Since homeostasis is never perfect and organisms are never isolated from their environment, change is the precondition of human life; there is no need to account for it. Yet it is possible to account for the direction and speed that change takes. The direction of influence is not only upwards, from the macro to the micro. There are different levels of both change and explanation. Changes at the top level of culture – human activity in other words – can affect the lower layers. Usually that produces only small-scale change and its influence does not penetrate far downwards, but that is not always the case. Some individual actions can have profound and long-term effects because they converge with structural and cultural forces, and this promotes their speedy transmission. At the lower cultural levels, change is more general and allows a greater range of possible responses from above. Changes are also frequently the result of outside agency, when one culture is forced to join another higher up and the sudden confluence of colour creates a strikingly different tone, or when external disaster splits cultures apart. There is, therefore, no need for an Annalistic favouring of the longue durée, since each of these cultural layers has an equal claim to analytical importance (although in practice, it may be discovered that any one level of input has had greater influence than another). After all, the ‘deep’ are not more important than the ‘surface’, since they are both what they are only in relation to the other. Take away the surface and what you are left with is no longer deep but shallow.

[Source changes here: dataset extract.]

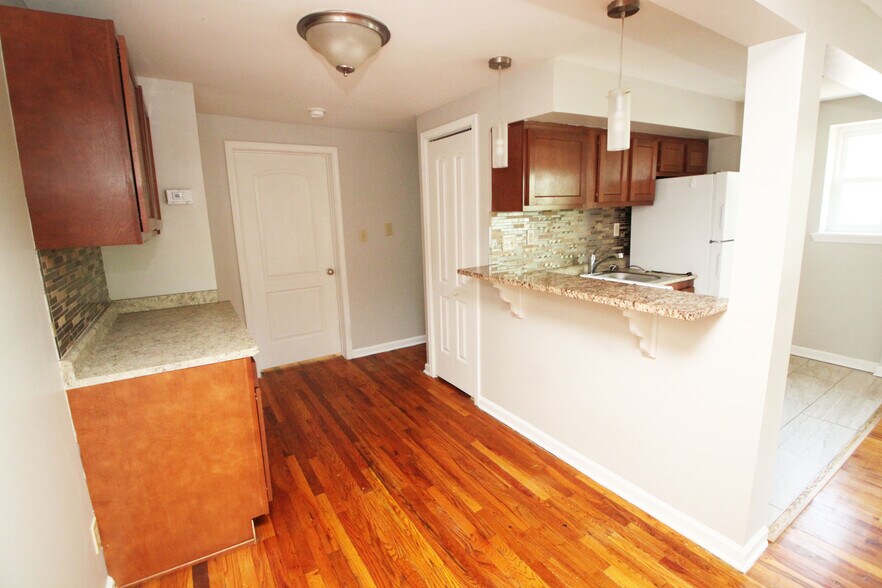 Sumner Place 1 Bedroom - Sumner Avenue Apartments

The principal concern of this model is to illuminate the relationship between ephemeral events and deep cultural forces, but it offers some flexibility as well. It allows a moving picture of growth and development to be shot, and also a still-life to be drawn, whilst simultaneously permitting an amalgam of the two to produce a more general impression of a mode of life and its enduring traits and characteristics. There can be no doubt that this model simplifies, but then that is what a model is meant to do. It is an intellectual construct that ‘simplifies reality in order to emphasise the recurrent, the general and the typical, which it presents in the form of clusters of traits or attributes.’8 There comes a time, though, when you have to stop making models and start dating them. Therefore, the main body of this work aims to produce a history of Rome which accords with this model by splitting Roman life into its constituent parts and processes.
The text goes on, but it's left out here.